# RECORDED DATA:
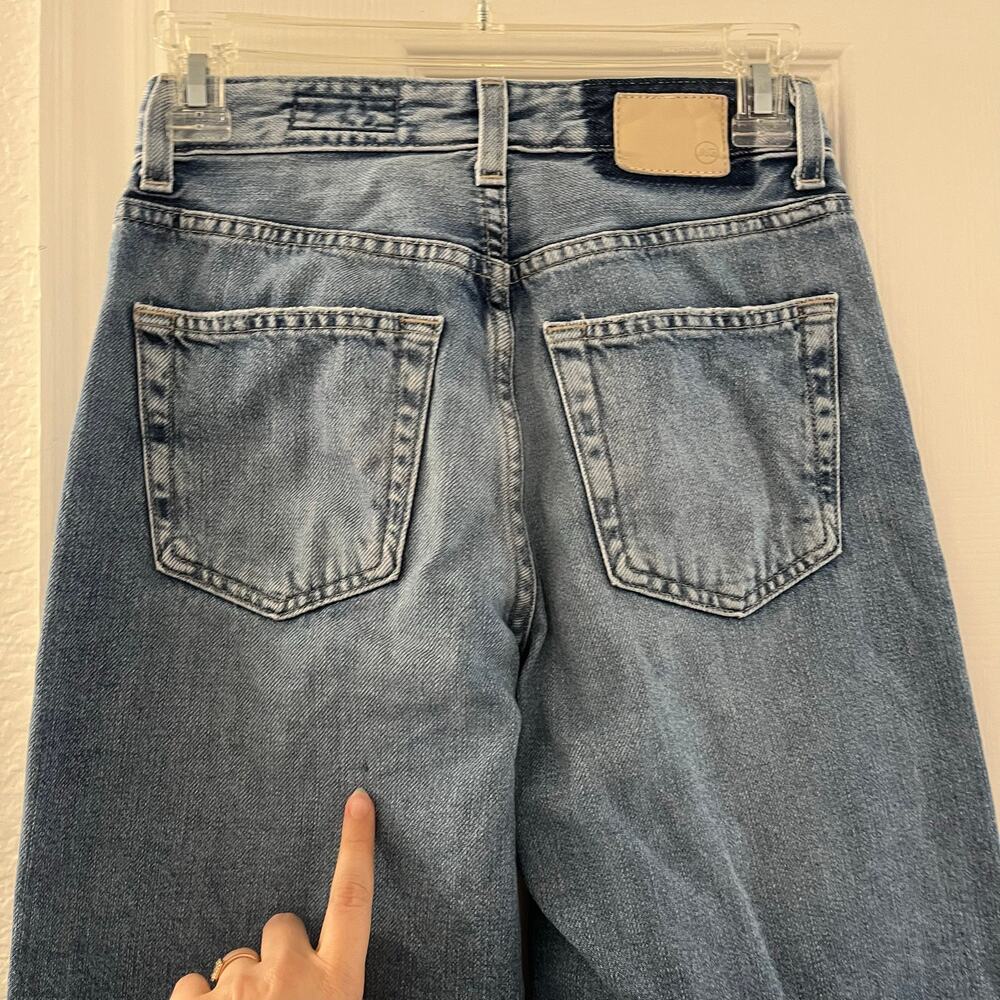 AG Adriano Goldschmied Saige Wide Leg Crop Size 24 High Rise Light Blue Wash 26" - Picture 14 of 15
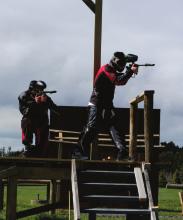 a HOURS OF TEAM FUN PLAYING PAINTBALL OR ARROW TAG. CHOOSE THE COURSE TO SUIT YOUR TEAM MATE'S ABILITIES.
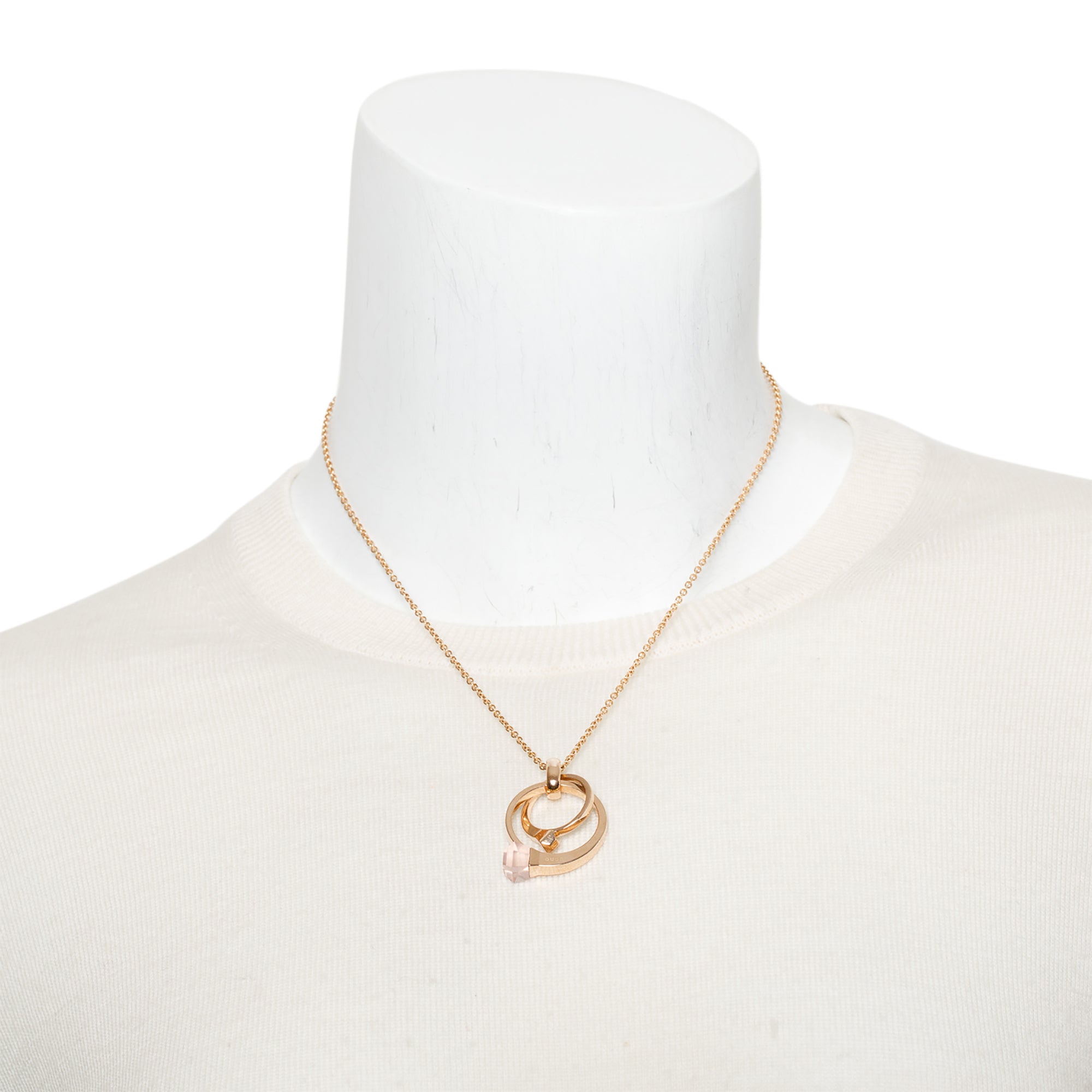 Gucci 18k Rose Gold Pink Quartz Chiodo Nail Multi Ring Pendant Necklace w/ Box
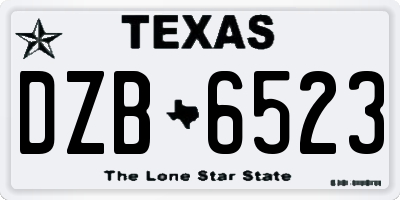 TX license plate DZB6523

# WHAT TO PRODUCE:
Leaving the pictures out, copy exactly the lines from the line that contains "Gucci 18k Rose" to the last line of the data, both ends included.

# SOLUTION TO THE EXERCISE:
 Gucci 18k Rose Gold Pink Quartz Chiodo Nail Multi Ring Pendant Necklace w/ Box
 TX license plate DZB6523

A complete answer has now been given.